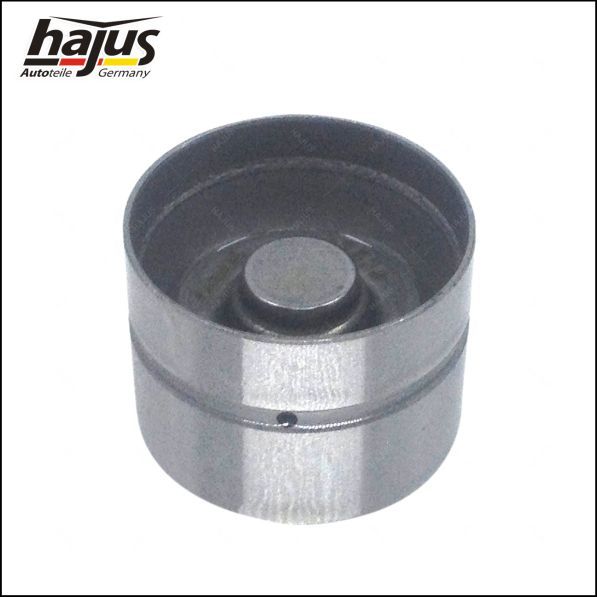 hajus Autoteile Ventilstößelsatz (1151251)
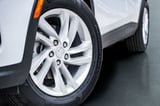 2026 Buick Envista - Preview 2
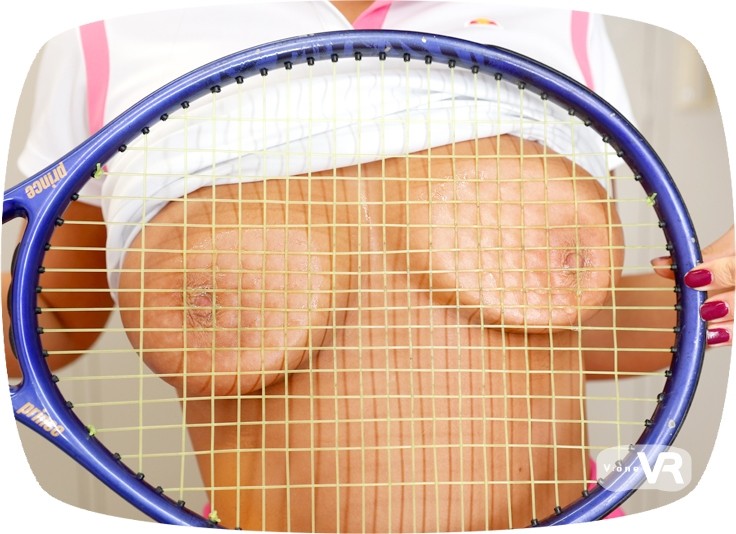 サンプル画像 4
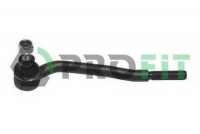 PROFIT 2302-0281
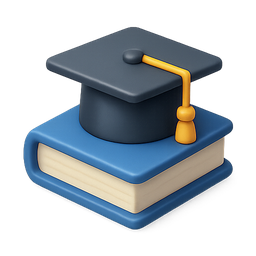 Education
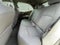 2022 Toyota Corolla Hatchback SE Nightshade Edition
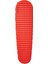 Prolite Apex Şişme Mat 1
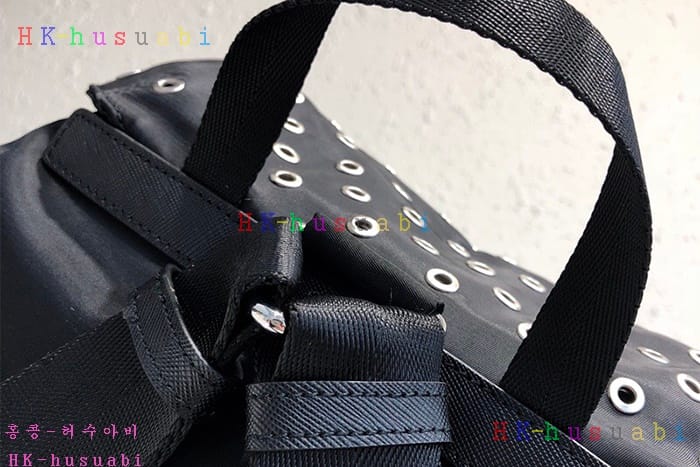 �ڹ̷��ޡ�2018SS  ����� �ΰ� ���� P BZ2811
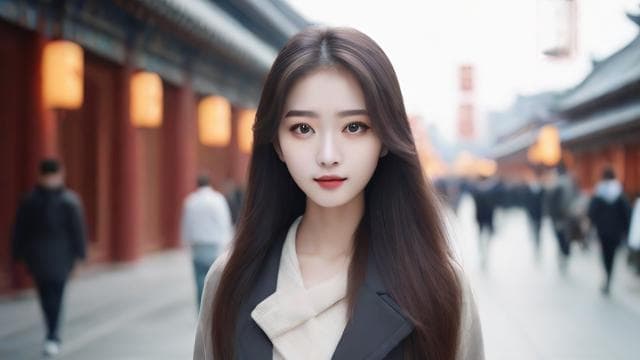 西安真的有自媒体吗？探索当地媒体生态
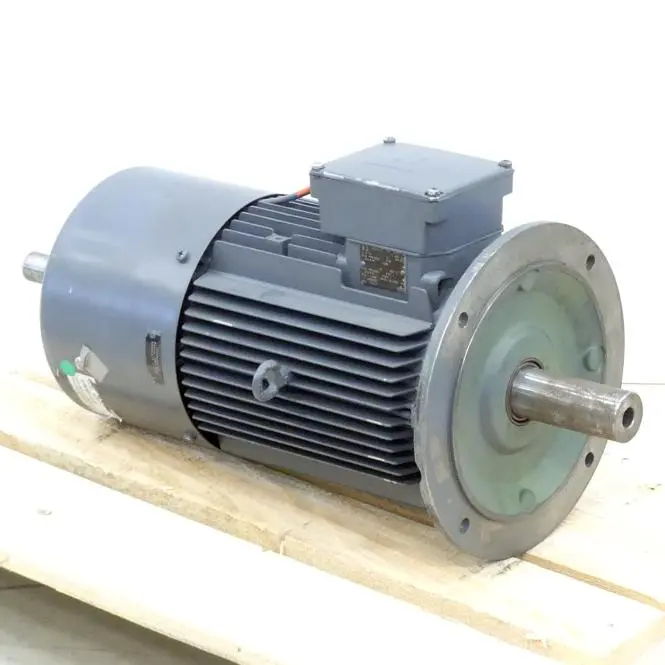 Produktfoto 1 von ATB Drehstrommotor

- **WORK ITEM**
Return exactly the lines from the one containing "2022 Toyota Corolla" through the end of the records, leaving out every picture.

- **SOLUTION TO THIS PROBLEM**
 2022 Toyota Corolla Hatchback SE Nightshade Edition
 Prolite Apex Şişme Mat 1
 �ڹ̷��ޡ�2018SS  ����� �ΰ� ���� P BZ2811
 西安真的有自媒体吗？探索当地媒体生态
 Produktfoto 1 von ATB Drehstrommotor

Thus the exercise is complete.